A geometric sequence is a series of numbers where each term after the first is found by multiplying the previous term by a fixed, non-zero number called the common ratio. In our exercise involving the truck radiator, we have a similar situation. Initially, the radiator is filled completely with water. As each step involves removing and replacing some of the liquid, the portion of water in the radiator diminishes geometrically.

• The first operation changes the amount of water from 5 gallons to 4 gallons.
• Each subsequent operation multiplies the remaining water by the fraction \( \frac{4}{5} \).
• This is the common ratio: \( \frac{4}{5} \).

Thus, after each operation, the remaining amount of water can be calculated using a geometric sequence formula for the \( n \)-th term: \( a_n = a_1 \times r^{(n-1)} \), but in this problem, it's more convenient to adjust and start with 5 gallons of water, giving us: \( 5 \times \left( \frac{4}{5} \right)^n \). As you can see, this is our geometric sequence formula applied to find how much water remains.

Recursion in mathematics often refers to defining a sequence, set, or functions in terms of other elements in its standard. In the context of our radiator mixture problem, recursion helps to establish a pattern through iterative processes.
Each step of our problem influences the next. In simpler terms:

• At each step, the amount of water is computed from the results of the prior step.
• Start with 5 gallons of water.
• At every iteration, compute \( \frac{4}{5} \) of the remaining water in the radiator.

Recursion is a robust way to find solutions incrementally and is useful, especially in complex calculations like those involving series and sequences, such as our pattern of decreasing water content.

Exponential decay describes a process where the quantity decreases at a rate proportional to its current value.
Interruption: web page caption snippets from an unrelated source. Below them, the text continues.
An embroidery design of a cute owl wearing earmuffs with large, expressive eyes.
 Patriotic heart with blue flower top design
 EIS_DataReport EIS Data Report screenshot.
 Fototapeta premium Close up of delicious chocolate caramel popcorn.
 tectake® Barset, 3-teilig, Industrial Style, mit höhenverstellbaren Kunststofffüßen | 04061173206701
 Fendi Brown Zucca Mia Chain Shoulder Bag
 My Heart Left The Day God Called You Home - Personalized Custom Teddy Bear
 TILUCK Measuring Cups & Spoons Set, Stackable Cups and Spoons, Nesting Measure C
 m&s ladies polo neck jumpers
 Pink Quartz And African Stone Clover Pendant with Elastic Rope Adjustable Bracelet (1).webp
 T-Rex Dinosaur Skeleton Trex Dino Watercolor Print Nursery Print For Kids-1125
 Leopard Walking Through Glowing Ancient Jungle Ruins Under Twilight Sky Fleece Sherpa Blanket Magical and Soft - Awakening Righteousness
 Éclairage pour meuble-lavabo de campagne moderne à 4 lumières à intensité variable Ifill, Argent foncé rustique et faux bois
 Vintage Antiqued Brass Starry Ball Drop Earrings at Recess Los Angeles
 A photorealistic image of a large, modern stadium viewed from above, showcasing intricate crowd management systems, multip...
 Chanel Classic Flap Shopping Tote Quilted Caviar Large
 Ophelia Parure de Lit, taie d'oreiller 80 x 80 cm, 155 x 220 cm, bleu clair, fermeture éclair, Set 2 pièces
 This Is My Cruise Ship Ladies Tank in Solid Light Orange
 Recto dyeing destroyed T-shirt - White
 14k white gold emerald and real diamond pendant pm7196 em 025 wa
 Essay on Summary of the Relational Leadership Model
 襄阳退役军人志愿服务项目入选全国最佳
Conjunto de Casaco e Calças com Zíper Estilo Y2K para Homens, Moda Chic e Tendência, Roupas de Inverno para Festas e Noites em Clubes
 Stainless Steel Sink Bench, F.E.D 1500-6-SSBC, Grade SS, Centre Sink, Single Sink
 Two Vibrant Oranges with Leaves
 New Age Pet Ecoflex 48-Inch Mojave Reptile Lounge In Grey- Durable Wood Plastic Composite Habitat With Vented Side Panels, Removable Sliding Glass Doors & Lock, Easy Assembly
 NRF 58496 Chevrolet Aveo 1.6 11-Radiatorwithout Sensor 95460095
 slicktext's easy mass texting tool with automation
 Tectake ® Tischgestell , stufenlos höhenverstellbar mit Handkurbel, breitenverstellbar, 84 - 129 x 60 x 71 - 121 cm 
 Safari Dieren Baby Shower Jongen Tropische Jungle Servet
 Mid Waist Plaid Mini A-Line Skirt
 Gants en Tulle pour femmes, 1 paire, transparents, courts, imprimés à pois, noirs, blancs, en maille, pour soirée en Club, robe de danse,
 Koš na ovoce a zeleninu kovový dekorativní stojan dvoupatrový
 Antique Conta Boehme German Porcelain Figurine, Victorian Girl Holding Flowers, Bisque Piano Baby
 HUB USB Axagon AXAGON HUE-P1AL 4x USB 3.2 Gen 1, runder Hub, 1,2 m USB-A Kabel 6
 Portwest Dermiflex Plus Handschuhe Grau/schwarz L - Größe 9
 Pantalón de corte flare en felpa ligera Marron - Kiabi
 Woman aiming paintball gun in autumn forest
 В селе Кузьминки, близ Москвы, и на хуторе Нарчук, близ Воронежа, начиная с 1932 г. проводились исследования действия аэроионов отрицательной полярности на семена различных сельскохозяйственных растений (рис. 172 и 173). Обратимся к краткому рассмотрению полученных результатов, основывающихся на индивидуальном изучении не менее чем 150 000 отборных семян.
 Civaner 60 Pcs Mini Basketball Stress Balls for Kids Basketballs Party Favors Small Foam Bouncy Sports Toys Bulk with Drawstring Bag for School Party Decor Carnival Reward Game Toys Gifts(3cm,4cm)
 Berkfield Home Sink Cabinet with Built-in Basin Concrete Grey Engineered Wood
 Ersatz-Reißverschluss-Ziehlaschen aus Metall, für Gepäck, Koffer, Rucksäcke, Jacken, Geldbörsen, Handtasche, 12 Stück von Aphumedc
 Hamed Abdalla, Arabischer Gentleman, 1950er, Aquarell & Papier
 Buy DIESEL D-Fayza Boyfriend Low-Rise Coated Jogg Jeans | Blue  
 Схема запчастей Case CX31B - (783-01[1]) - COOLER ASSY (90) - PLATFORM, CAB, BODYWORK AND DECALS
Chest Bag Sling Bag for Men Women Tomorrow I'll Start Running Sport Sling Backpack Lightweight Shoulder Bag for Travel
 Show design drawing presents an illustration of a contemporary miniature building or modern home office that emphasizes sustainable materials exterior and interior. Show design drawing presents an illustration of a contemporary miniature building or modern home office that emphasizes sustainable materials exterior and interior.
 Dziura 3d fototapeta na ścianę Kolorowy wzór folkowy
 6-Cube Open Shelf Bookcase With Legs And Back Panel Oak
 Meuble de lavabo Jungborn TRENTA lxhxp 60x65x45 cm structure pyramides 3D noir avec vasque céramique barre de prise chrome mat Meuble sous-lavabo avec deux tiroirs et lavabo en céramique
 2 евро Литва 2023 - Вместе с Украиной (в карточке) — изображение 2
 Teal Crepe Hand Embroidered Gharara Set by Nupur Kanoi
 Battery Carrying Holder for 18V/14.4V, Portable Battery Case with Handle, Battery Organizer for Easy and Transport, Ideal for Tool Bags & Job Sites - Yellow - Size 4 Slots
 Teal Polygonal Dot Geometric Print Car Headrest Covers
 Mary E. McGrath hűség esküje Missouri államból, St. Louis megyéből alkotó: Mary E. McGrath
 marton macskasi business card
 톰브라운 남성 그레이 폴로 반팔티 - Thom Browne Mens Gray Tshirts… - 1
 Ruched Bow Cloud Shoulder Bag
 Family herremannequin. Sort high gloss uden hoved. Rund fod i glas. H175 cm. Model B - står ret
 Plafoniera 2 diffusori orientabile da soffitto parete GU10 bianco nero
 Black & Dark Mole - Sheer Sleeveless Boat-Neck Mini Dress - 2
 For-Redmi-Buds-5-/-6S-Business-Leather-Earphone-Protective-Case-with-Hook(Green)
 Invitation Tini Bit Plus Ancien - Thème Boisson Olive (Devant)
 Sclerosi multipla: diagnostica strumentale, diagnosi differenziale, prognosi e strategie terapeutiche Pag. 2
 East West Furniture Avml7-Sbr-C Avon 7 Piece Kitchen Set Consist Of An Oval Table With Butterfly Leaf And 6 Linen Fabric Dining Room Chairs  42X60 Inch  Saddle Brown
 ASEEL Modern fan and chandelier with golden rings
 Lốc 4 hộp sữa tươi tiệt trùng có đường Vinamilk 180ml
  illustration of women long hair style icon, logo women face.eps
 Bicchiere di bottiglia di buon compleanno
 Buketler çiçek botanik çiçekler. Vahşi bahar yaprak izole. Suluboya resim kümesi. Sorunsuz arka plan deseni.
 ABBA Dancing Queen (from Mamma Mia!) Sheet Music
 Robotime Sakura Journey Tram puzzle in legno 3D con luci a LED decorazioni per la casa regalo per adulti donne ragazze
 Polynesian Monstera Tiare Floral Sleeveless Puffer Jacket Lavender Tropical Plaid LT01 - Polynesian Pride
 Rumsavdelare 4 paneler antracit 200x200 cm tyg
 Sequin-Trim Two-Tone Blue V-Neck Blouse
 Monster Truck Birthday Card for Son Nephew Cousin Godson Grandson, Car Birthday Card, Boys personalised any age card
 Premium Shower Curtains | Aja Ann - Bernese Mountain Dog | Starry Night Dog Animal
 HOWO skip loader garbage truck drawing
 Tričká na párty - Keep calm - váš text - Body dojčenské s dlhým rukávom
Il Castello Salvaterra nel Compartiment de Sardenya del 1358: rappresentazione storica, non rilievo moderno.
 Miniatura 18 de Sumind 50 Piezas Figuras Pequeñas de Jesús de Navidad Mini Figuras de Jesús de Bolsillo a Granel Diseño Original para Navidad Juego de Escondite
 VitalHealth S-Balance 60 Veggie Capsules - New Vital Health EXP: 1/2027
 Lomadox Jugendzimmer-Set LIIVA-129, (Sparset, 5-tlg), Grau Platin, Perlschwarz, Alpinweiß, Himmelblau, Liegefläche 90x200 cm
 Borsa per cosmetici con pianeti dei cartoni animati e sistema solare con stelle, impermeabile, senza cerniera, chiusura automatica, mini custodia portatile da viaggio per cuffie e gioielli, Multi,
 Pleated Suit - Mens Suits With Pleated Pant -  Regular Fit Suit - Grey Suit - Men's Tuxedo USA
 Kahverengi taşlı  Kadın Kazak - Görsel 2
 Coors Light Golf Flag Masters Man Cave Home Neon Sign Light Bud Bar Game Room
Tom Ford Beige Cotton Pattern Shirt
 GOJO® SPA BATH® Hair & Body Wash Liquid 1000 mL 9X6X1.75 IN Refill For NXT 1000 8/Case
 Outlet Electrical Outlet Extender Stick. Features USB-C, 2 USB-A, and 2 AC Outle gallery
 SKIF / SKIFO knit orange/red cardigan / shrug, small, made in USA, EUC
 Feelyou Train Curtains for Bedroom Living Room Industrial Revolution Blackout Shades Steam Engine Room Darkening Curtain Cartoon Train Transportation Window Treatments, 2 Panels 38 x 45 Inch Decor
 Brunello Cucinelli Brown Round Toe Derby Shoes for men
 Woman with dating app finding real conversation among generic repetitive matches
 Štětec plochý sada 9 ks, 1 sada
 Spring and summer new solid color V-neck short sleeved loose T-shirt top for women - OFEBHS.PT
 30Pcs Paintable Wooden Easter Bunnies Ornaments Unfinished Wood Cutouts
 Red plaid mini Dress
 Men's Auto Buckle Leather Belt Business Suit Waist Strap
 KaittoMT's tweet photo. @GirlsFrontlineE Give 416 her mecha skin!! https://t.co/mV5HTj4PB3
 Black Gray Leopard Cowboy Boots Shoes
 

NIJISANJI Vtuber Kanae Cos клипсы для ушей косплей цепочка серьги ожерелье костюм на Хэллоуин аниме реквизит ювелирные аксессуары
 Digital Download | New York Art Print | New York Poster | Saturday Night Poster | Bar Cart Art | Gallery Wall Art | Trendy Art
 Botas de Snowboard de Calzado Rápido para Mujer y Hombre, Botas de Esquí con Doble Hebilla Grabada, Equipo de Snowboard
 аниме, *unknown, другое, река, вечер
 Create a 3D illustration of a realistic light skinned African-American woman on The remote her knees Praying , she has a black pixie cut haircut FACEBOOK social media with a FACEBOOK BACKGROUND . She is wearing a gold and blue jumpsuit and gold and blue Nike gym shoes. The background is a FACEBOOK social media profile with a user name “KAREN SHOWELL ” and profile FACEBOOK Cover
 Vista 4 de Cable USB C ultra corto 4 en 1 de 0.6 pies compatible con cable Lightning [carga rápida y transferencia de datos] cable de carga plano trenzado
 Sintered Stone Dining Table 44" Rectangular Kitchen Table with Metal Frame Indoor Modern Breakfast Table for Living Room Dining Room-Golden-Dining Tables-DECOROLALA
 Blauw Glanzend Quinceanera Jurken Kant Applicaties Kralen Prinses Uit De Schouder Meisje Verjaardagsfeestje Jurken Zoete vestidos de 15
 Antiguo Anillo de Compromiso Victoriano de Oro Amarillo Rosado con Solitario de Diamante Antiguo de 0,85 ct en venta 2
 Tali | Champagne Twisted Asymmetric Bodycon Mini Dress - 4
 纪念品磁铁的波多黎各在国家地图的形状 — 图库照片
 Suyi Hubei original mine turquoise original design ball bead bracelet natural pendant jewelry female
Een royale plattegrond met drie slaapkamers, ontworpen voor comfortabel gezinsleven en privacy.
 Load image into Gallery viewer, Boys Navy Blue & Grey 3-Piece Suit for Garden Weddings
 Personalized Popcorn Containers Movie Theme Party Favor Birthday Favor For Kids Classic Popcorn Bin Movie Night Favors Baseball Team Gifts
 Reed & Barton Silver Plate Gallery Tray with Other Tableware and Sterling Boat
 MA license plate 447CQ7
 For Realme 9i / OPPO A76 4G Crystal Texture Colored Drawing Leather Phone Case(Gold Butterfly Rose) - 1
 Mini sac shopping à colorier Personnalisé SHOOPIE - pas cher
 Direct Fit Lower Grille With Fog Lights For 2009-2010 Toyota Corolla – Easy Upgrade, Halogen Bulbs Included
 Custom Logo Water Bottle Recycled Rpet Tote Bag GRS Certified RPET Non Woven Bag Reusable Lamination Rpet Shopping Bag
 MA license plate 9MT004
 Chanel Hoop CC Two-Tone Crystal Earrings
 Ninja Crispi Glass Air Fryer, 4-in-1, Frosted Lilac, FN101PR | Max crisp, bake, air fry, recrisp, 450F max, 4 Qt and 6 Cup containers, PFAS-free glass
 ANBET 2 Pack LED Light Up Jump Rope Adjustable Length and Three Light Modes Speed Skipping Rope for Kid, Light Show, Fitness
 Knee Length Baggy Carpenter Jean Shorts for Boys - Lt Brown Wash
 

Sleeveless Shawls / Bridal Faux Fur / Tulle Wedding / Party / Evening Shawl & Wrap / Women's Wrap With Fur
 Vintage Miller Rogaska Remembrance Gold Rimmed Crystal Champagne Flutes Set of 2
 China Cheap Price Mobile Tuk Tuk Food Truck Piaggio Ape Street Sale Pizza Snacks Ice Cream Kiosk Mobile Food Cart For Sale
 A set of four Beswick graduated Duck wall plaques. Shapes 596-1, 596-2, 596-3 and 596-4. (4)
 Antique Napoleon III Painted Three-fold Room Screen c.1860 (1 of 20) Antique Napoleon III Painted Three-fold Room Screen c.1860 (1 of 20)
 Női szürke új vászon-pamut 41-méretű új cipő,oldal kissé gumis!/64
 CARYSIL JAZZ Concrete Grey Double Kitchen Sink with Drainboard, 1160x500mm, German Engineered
Here, the amount of water in the radiator dwindles each step because it is replaced by antifreeze, leading to a reduction proportional to how much water was there before.
The formula for exponential decay is \( y = y_0 \times e^{-kt} \), where:

• \( y_0 \) is the initial quantity.
• \( k \) is the decay constant.
• \( t \) is the time or iteration step.

In our scenario, traditional exponential decay needs a minor adaptation. We don’t use \( e^{-kt} \), since our decay factor is simply \( \frac{4}{5} \). Thus, the decay becomes:

• Initial amount: 5 gallons.
• Decay factor: \( \frac{4}{5} \).
• Formula: \( 5 \times \left( \frac{4}{5} \right)^n \).

This concept is key as it helps to model how quickly the water content decreases with each repetition, making it a valuable tool for understanding transformations in various scientific and mathematical models.